After the allegations about Ford’s crack use were first published in Gawker, I wrote about how his mayoralty was essentially about irony: he superficially played the blue-collar schlub, all while wielding power and authority like the rich white guy he actually is. But at the Halloween press conference, as the mayor offered a non-defense defense of his political life in front of a literal image of the Grim Reaper, it was clear that irony was dead in the Ford regime. Now, the messaging matched reality. After years of populist pretense, the Halloween backdrop made visible the themes of deception, moral deformity, bloodshed (at least in the case of Anthony Smith), and approaching doom that defined Ford’s mayoralty. It’s a perfect culmination. Because—as we now know—Ford’s rule was never about footballs and cars and hotdogs at the family BBQ; it was secrets and disguises, hidden realms, shady meetings at night in the woods. Ford gave us a bunch of bullshit on Thursday, but he also gave us the proper metaphor for Ford Nation: Halloween.

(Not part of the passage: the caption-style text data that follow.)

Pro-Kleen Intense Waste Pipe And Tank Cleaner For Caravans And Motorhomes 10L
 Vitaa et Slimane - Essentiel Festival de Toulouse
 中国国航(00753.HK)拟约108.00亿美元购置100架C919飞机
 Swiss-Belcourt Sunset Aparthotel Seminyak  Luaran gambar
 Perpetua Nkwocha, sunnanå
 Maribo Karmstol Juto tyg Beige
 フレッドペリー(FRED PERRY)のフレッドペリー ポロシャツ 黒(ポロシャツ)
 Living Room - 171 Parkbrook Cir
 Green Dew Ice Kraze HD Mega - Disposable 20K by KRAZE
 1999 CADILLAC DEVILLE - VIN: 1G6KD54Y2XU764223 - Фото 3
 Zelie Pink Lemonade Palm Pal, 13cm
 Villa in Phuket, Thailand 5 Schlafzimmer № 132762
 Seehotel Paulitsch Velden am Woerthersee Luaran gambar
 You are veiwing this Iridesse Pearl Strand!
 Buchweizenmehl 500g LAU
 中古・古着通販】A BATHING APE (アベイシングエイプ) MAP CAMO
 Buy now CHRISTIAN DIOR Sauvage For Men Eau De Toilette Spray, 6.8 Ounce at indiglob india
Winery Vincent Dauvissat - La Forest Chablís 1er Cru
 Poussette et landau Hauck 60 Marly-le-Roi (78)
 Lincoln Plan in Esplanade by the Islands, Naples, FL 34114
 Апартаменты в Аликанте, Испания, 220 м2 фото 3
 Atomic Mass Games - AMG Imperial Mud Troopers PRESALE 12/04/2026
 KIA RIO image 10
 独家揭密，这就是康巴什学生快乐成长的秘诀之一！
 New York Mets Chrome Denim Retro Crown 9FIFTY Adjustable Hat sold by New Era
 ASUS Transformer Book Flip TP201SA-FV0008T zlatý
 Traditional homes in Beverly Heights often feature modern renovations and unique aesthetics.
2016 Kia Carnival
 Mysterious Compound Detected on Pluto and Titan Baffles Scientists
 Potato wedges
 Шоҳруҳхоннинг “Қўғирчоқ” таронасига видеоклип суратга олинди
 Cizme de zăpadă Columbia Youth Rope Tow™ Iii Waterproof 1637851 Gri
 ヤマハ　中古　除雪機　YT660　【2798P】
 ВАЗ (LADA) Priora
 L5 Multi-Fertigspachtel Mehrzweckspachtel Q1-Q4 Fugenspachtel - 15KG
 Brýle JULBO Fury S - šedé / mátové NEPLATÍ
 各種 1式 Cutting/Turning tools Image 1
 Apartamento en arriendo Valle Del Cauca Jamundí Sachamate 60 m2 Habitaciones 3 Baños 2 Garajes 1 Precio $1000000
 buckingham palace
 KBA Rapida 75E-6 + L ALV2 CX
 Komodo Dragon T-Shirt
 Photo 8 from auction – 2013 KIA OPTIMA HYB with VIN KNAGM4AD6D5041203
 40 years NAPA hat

A couple days before this, Ford led reporters through a tour of his “haunted office,” a jumble of hokey props and machine-gun sound effects he dubbed “The House of Frankenford.” On a video of the tour, Ford shows the crowd various things—a plastic snake, a few fake skulls—but we only see him between bursts of light, as the photographers’ flashes go on and off. His expression is affable—jokey and at ease. If you didn’t know better, he could be a dorky but well-meaning neighbourhood dad. But towards the end, he starts talking to someone off camera, and, in one moment of light, we see the levity is gone: he’s red-faced, sauna-sweaty, wiping his scrunchy brow with a tissue. He looks agonized. The effort is killing him. You can tell he knows.